EXERCISE INSTRUCTIONS: Working from the records below, return word for word the line that contains "временная регистрация госуслуги в Ельце" and each line after it, ending with the last. Skip all pictures.
── DATA FOR THE TASK ──
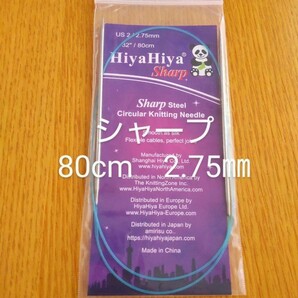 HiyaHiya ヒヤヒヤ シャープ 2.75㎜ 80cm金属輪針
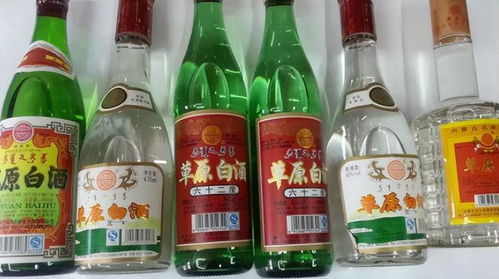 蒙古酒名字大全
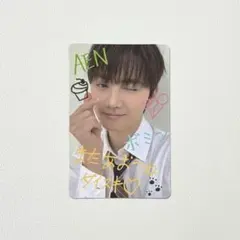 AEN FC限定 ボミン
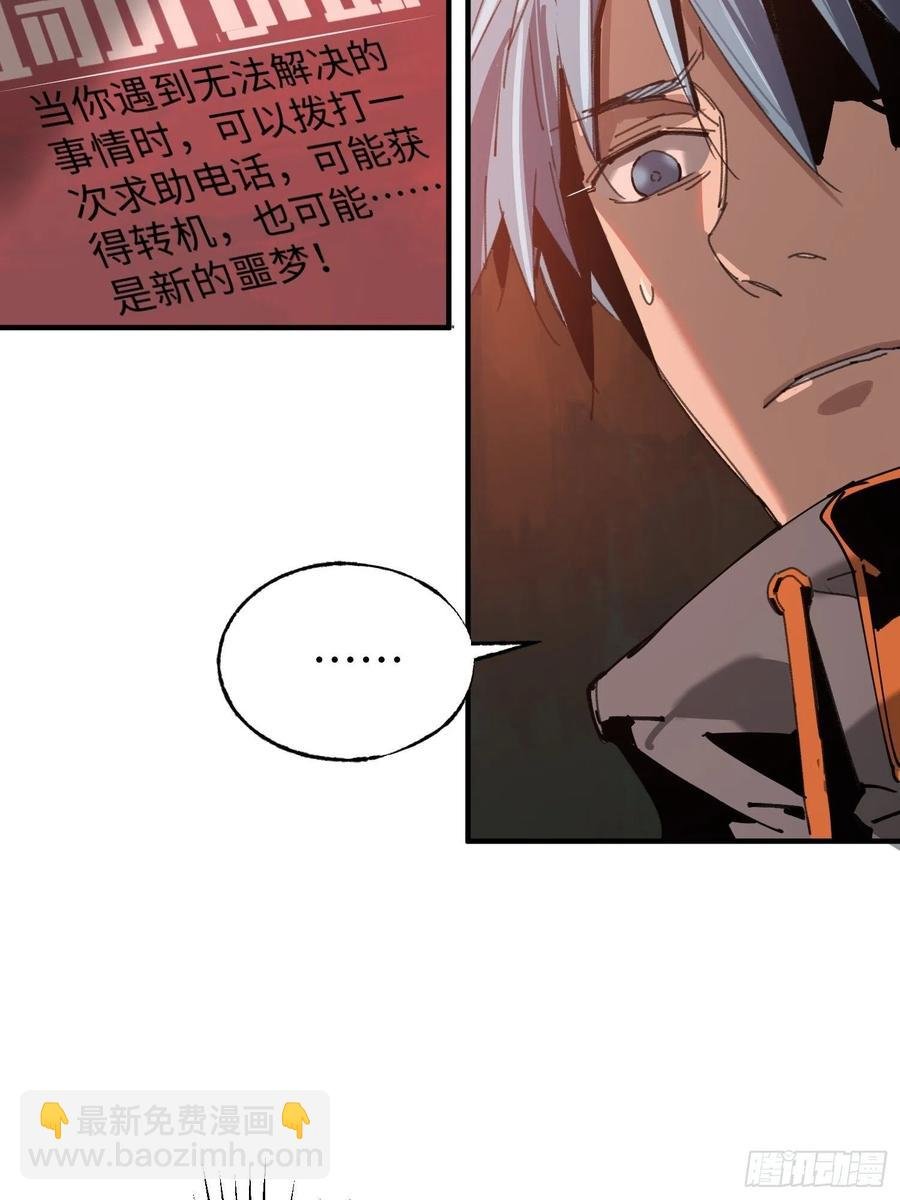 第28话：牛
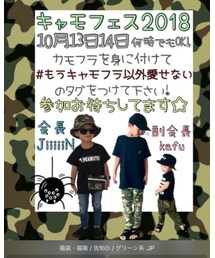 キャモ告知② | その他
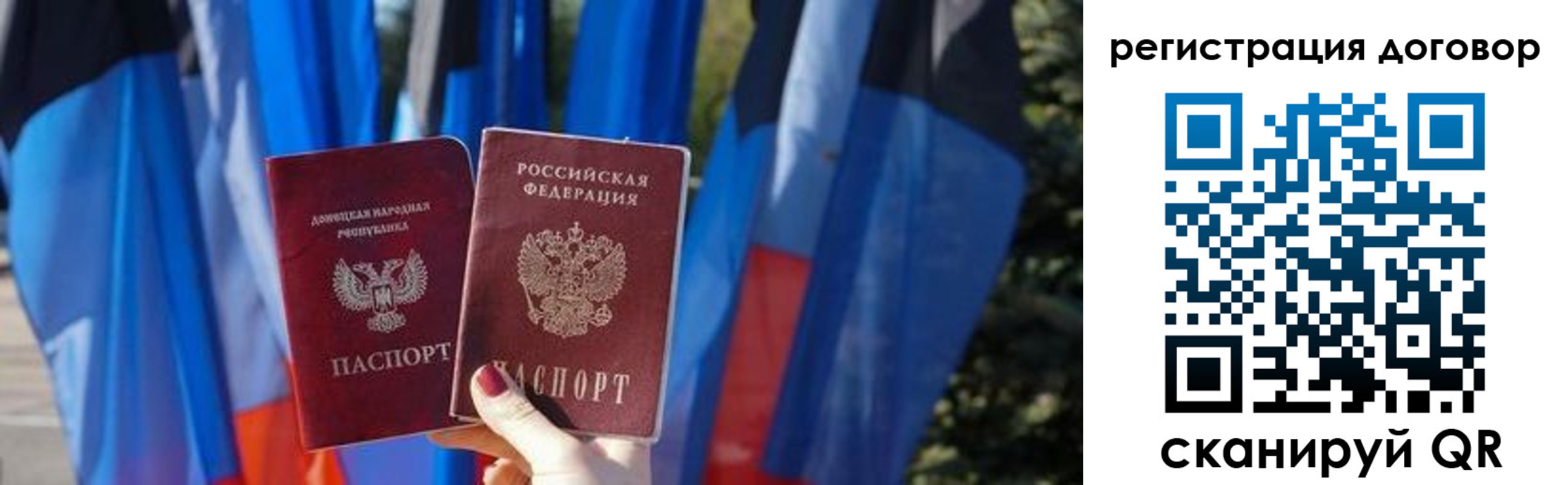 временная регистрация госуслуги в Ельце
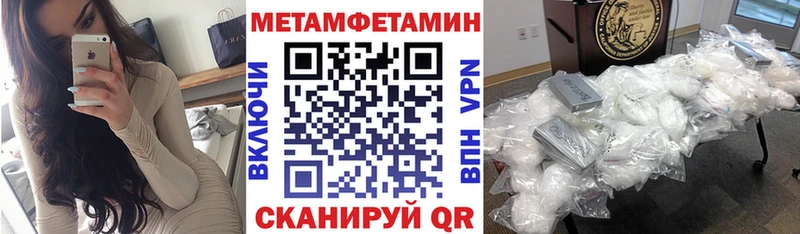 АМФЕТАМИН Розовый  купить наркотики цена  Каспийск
───
TASK RESPONSE:
 временная регистрация госуслуги в Ельце
 АМФЕТАМИН Розовый  купить наркотики цена  Каспийск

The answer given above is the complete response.